## Exercise directions
Within the records below is a range that opens at the line with "هتل La Villa Antica Delle Cinque Terre" and closes at the line with "Used 2013 Jeep". Return that range word for word, both ends included, and only that range.

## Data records
■ ■ ■ ■ ■

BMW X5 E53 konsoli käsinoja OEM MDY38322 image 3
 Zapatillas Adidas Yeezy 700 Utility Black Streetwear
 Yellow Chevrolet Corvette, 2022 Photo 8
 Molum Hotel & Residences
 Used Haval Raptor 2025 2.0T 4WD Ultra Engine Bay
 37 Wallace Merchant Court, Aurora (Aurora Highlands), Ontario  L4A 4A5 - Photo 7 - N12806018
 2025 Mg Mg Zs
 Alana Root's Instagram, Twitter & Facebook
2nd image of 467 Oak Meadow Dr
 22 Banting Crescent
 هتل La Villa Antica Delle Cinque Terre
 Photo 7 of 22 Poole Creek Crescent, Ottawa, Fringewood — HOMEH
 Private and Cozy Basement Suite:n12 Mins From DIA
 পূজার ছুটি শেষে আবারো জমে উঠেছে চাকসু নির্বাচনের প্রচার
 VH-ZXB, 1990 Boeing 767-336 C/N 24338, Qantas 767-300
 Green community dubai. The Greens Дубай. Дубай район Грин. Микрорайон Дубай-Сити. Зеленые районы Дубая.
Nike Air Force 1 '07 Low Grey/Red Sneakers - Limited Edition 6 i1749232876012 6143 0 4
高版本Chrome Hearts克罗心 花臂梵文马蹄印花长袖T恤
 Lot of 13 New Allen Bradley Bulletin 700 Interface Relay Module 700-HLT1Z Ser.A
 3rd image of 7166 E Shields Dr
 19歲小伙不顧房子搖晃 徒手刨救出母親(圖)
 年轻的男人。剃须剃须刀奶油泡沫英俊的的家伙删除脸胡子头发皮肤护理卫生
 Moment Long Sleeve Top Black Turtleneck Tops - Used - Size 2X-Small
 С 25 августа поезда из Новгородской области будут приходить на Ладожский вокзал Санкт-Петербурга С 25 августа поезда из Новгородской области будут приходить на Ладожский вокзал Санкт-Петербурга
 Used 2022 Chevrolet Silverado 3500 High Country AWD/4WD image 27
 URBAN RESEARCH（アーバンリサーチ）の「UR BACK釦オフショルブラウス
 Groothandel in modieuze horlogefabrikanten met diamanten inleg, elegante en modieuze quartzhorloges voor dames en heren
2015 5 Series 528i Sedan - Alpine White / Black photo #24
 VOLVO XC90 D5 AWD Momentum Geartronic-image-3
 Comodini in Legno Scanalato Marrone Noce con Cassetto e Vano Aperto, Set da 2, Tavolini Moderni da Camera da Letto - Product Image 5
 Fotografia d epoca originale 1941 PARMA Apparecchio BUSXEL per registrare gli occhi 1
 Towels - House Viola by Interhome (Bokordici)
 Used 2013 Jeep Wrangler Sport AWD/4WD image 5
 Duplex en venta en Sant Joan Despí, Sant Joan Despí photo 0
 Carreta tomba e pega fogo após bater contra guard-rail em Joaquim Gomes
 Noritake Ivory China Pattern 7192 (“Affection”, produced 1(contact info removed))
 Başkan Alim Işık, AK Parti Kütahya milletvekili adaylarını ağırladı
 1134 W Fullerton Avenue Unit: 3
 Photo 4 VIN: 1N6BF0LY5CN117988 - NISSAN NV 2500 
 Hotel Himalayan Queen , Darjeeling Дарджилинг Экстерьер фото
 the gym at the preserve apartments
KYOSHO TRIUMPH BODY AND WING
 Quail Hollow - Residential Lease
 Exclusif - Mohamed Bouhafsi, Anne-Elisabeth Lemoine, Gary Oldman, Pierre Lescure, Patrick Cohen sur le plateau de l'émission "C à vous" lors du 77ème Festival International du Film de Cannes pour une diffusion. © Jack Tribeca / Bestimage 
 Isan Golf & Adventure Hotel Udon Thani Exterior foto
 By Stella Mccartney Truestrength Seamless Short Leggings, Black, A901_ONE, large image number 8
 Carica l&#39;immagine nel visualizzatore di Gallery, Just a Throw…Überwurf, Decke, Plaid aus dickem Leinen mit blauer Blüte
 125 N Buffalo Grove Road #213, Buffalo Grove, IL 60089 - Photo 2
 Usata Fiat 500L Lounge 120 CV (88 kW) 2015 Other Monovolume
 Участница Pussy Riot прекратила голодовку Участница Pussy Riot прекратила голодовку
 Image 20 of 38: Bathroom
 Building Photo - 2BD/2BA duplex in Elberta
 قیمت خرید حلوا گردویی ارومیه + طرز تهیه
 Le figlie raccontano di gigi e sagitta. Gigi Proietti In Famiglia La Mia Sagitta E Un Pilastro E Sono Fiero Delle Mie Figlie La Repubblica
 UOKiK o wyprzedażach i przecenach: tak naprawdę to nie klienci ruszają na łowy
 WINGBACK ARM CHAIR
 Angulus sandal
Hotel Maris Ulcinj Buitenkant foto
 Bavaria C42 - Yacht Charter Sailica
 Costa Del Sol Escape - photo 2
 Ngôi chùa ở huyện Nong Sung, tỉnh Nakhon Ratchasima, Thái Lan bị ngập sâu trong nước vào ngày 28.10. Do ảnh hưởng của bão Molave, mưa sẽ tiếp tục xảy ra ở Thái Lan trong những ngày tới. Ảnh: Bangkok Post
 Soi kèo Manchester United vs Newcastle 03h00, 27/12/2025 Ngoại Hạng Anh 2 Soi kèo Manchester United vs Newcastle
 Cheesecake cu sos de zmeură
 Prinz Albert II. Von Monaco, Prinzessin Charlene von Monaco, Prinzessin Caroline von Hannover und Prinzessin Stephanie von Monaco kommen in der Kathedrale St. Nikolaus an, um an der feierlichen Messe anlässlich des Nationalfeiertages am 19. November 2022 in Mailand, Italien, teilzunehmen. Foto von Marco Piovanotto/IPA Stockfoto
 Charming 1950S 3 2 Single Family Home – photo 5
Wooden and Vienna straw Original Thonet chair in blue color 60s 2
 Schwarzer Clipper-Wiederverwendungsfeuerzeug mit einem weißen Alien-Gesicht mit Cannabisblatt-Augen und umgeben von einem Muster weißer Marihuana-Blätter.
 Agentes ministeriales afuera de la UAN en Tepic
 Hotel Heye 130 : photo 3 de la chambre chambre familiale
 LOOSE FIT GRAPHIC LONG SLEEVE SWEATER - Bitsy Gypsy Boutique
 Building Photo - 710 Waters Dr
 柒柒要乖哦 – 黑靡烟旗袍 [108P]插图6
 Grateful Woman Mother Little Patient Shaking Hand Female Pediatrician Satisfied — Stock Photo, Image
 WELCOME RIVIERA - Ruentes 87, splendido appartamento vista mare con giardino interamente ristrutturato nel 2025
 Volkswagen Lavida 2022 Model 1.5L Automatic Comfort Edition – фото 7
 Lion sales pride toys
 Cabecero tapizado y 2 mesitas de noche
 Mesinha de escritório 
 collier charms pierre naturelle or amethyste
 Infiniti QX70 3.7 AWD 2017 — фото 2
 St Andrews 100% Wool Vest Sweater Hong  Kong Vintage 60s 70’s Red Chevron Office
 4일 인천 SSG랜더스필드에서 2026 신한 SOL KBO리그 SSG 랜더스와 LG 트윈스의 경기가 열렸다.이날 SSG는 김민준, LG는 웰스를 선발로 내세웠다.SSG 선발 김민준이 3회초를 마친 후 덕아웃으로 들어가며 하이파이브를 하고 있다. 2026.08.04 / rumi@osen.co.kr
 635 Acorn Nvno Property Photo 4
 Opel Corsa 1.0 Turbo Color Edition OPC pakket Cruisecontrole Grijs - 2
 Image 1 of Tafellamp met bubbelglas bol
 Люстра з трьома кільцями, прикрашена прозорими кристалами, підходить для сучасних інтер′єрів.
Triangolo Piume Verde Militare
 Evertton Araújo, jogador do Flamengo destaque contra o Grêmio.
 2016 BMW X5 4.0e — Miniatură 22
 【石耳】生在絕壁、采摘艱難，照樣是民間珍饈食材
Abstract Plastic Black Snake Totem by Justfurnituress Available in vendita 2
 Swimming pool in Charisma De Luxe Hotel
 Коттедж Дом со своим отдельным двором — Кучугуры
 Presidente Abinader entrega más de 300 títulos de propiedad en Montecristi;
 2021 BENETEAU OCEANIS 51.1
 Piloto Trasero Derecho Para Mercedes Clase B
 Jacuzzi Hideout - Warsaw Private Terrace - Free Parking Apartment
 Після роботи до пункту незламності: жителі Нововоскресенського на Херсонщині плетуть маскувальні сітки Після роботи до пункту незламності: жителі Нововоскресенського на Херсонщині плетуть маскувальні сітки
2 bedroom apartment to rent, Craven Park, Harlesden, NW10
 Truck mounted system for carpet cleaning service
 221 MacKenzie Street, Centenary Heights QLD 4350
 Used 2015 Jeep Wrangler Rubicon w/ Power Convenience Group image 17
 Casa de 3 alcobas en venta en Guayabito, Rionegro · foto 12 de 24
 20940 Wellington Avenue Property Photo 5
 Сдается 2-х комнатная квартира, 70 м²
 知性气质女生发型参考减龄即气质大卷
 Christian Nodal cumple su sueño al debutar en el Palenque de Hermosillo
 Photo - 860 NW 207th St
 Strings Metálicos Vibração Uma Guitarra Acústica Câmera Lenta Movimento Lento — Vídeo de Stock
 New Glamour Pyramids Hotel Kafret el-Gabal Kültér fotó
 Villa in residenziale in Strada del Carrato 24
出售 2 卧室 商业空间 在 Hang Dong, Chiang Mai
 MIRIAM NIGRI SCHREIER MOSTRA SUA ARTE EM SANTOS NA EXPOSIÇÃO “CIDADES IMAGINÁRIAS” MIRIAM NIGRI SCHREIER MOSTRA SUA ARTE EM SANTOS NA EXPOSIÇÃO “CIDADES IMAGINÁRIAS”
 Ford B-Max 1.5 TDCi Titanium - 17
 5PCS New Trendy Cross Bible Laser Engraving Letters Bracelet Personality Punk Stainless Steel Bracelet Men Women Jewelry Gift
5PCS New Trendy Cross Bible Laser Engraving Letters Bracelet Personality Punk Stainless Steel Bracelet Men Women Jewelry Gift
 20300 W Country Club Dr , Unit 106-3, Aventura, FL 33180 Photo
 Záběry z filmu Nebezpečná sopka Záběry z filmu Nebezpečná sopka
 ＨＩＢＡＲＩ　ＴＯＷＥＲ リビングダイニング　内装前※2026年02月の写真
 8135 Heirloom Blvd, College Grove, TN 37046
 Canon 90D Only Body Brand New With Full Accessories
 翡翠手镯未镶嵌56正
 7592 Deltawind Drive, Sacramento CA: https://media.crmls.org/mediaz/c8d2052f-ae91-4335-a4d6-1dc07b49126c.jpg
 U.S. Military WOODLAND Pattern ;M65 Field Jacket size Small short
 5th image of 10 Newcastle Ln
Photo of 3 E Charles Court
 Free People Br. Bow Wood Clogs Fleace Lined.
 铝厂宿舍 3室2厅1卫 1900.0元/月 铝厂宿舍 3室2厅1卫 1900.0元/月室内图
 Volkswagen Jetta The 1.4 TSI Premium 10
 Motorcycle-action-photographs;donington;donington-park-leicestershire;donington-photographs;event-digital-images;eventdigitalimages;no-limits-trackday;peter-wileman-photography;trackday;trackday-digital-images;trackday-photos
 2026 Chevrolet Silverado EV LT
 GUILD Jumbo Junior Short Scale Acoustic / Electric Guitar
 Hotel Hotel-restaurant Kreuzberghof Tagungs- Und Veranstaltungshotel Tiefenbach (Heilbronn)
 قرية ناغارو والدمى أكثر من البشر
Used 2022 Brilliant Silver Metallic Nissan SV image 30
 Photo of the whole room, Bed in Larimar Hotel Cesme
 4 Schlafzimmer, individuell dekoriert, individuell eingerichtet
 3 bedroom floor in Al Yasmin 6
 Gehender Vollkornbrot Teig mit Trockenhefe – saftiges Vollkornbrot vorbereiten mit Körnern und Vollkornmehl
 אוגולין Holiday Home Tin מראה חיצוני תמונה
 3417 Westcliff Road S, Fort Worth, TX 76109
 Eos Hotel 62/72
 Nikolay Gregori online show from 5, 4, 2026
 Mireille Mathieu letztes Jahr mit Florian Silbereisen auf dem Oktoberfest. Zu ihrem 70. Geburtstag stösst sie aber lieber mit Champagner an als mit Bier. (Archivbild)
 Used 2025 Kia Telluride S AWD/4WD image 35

■ ■ ■ ■ ■

## The answer
 هتل La Villa Antica Delle Cinque Terre
 Photo 7 of 22 Poole Creek Crescent, Ottawa, Fringewood — HOMEH
 Private and Cozy Basement Suite:n12 Mins From DIA
 পূজার ছুটি শেষে আবারো জমে উঠেছে চাকসু নির্বাচনের প্রচার
 VH-ZXB, 1990 Boeing 767-336 C/N 24338, Qantas 767-300
 Green community dubai. The Greens Дубай. Дубай район Грин. Микрорайон Дубай-Сити. Зеленые районы Дубая.
Nike Air Force 1 '07 Low Grey/Red Sneakers - Limited Edition 6 i1749232876012 6143 0 4
高版本Chrome Hearts克罗心 花臂梵文马蹄印花长袖T恤
 Lot of 13 New Allen Bradley Bulletin 700 Interface Relay Module 700-HLT1Z Ser.A
 3rd image of 7166 E Shields Dr
 19歲小伙不顧房子搖晃 徒手刨救出母親(圖)
 年轻的男人。剃须剃须刀奶油泡沫英俊的的家伙删除脸胡子头发皮肤护理卫生
 Moment Long Sleeve Top Black Turtleneck Tops - Used - Size 2X-Small
 С 25 августа поезда из Новгородской области будут приходить на Ладожский вокзал Санкт-Петербурга С 25 августа поезда из Новгородской области будут приходить на Ладожский вокзал Санкт-Петербурга
 Used 2022 Chevrolet Silverado 3500 High Country AWD/4WD image 27
 URBAN RESEARCH（アーバンリサーチ）の「UR BACK釦オフショルブラウス
 Groothandel in modieuze horlogefabrikanten met diamanten inleg, elegante en modieuze quartzhorloges voor dames en heren
2015 5 Series 528i Sedan - Alpine White / Black photo #24
 VOLVO XC90 D5 AWD Momentum Geartronic-image-3
 Comodini in Legno Scanalato Marrone Noce con Cassetto e Vano Aperto, Set da 2, Tavolini Moderni da Camera da Letto - Product Image 5
 Fotografia d epoca originale 1941 PARMA Apparecchio BUSXEL per registrare gli occhi 1
 Towels - House Viola by Interhome (Bokordici)
 Used 2013 Jeep Wrangler Sport AWD/4WD image 5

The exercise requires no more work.